NORTHAMPTON — Just as the crowd of 2,000-some Women’s March walkers convened near Sheldon Field on Saturday morning, the man in black — his face covered except for his eyes — stood nearby. The swastika on the flag he waved through the air with both hands soon drew a crowd.

Hampshire College student Maximilian Beauchene, 21, said he and a friend were on a bus headed into downtown Northampton when the jarring and unmistakable emblem, infamously associated with Nazi Germany before and during World War II, caught their eye on Bridge Street.

Beauchene got off the bus and confronted the man wielding the notorious symbol, filming the encounter.

The video in its edited form runs about 3 minutes long and had been shared from Beauchene’s personal Facebook page more than 400 times as of Monday afternoon.

“That was the most bizarre thing. I’ve had interactions with people of this political mindset before,” Beauchene said. “I really got the impression that he didn’t know what he was doing. I don’t know why he was there. He never gave a justification for it.”

The man, who never identified himself to Beauchene or the dozen others who gathered around him, actually didn’t say much at all. Surely, one woman told him, he must be ashamed of his ideology because he opted to mask his face.

“I’m not ashamed of myself,” the man told her in the video. “It’s for people I know.”

“You should wave the flag,” one man said facetiously off-camera. “People aren’t sure about your political beliefs.”

Sure enough, the man with his face covered hoisted the flag above his head and waved it in the direction of traffic as cars sped by on Bridge Street.

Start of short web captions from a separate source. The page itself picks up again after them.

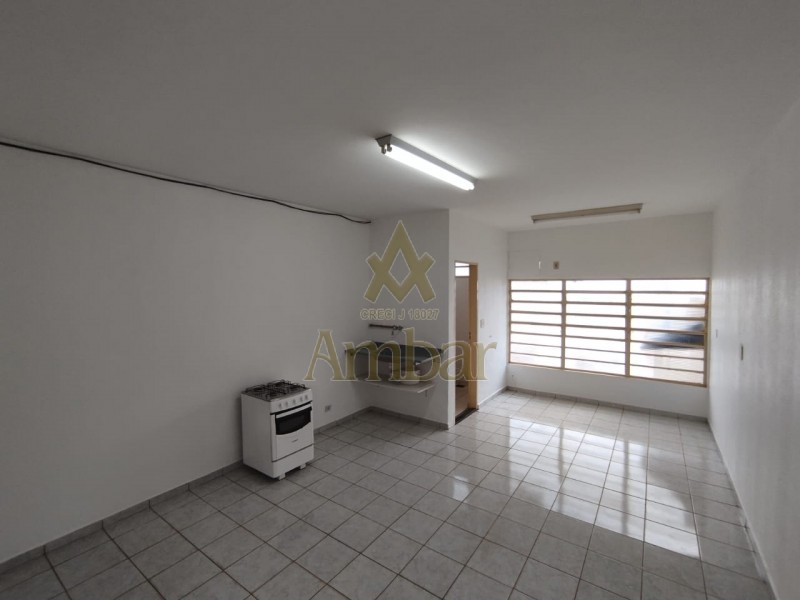 Ambar Imóveis | Imobiliária em Ribeirão Preto | Kitnet - Centro - Ribeirão Preto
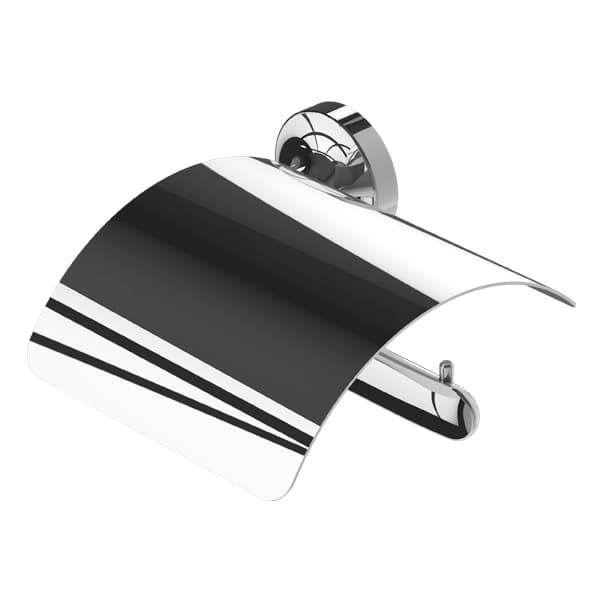 Toilet roll holder Geesa 917308-02-R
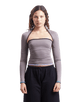 Picoeta Bolero Top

In the video, two city police officers can be seen confronting the group. Capt. John Cartledge said Monday that the officers had been in the area previously to monitor crowds and traffic during the Women’s March and were not dispatched to the scene. No citations or arrests were made in connection with the incident, he said, and the man with the flag left the area after about a half-hour.

“As police, we’re there to make sure everyone’s safe,” Cartledge said.

“The guy has the right to be there,” Beauchene said. “He can fly whatever flag he wants … (but) you have an obligation, you have a duty to confront ideologies like that.”

Beauchene is right. The man hoisting the flag baring the Nazi insignia was, in fact, within his Constitutional rights to do so.

“It’s constitutionally protected speech — but do I think there’s a moral and civic obligation to confront right-wing, white supremacists?” said Bill Newman, director of the Western Regional Law Office of ACLU Massachusetts. “Absolutely.”

Otherwise, Newman said, “we’d be accepting Nazi propaganda as normal in our community.”

Meanwhile, Jeff Napolitano, who works as the director of the local chapter of the American Friends Service Committee, a social justice nonprofit, said that, as uncommon as this particular sight is, it should not be dismissed.

“I’ve been here for eight years, and I have not seen or heard actual Nazis showing up,” he said. “It’s this one guy, but I don’t think that he can be dismissed at all.”

Napolitano emphasized civil de-escalation practices and calmly engaging with folks such as the man who had the Nazi flag.

“Recording and spreading the word is an important thing to do,” he said. “We need to know this is here in order to identify ways to counteract it … AFSC is a pacifist organization, so (we’re) spiritually, philosophically and just logistically opposed to physical violence to counteract them. We have to come up with more creative ways to shut hate down.”